---- Records shown
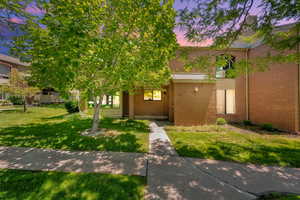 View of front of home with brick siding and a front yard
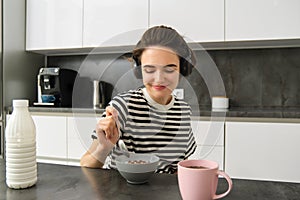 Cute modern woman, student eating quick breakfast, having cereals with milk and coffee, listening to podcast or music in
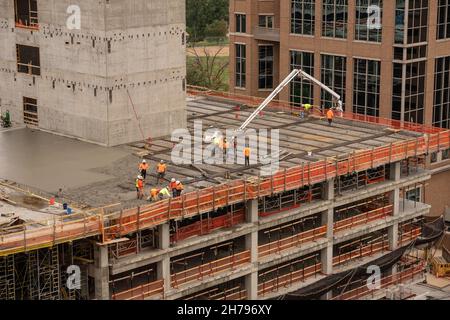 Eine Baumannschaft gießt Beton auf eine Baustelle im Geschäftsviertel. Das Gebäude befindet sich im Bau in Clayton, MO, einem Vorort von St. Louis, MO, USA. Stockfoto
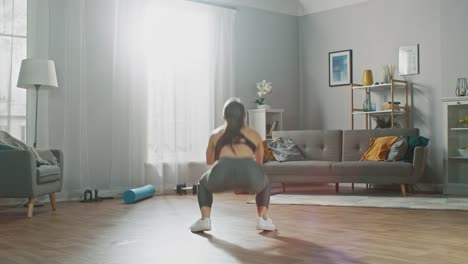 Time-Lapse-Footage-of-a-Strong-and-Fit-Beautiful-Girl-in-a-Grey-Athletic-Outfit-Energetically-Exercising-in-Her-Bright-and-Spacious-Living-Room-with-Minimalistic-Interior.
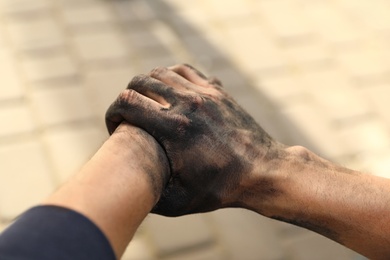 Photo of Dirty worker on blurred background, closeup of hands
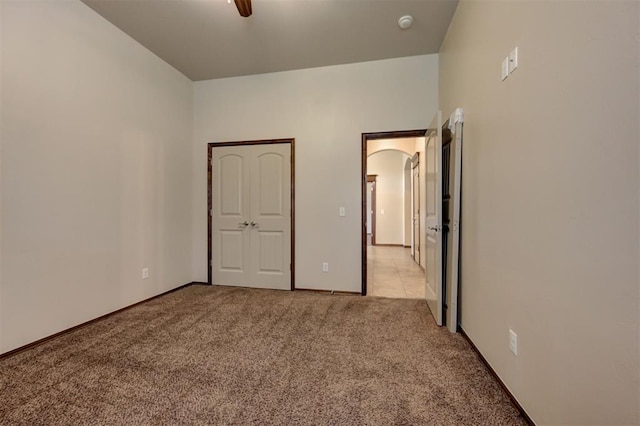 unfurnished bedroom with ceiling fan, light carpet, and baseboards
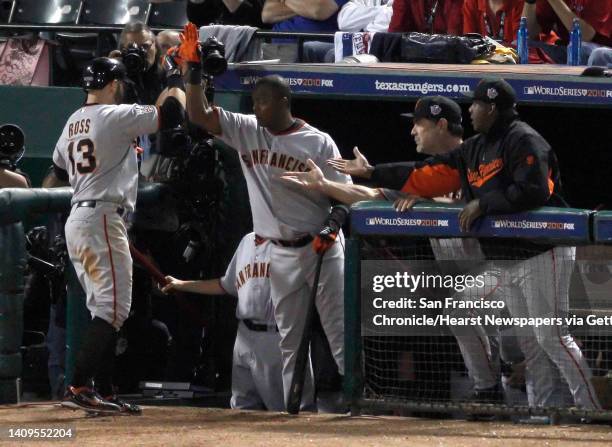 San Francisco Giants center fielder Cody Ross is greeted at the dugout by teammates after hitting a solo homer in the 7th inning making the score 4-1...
--------
Without any of the pictures, repeat the entries above word for word.

▶ [Solution to this task]
 View of front of home with brick siding and a front yard
 Cute modern woman, student eating quick breakfast, having cereals with milk and coffee, listening to podcast or music in
 Eine Baumannschaft gießt Beton auf eine Baustelle im Geschäftsviertel. Das Gebäude befindet sich im Bau in Clayton, MO, einem Vorort von St. Louis, MO, USA. Stockfoto
 Time-Lapse-Footage-of-a-Strong-and-Fit-Beautiful-Girl-in-a-Grey-Athletic-Outfit-Energetically-Exercising-in-Her-Bright-and-Spacious-Living-Room-with-Minimalistic-Interior.
 Photo of Dirty worker on blurred background, closeup of hands
 unfurnished bedroom with ceiling fan, light carpet, and baseboards
 San Francisco Giants center fielder Cody Ross is greeted at the dugout by teammates after hitting a solo homer in the 7th inning making the score 4-1...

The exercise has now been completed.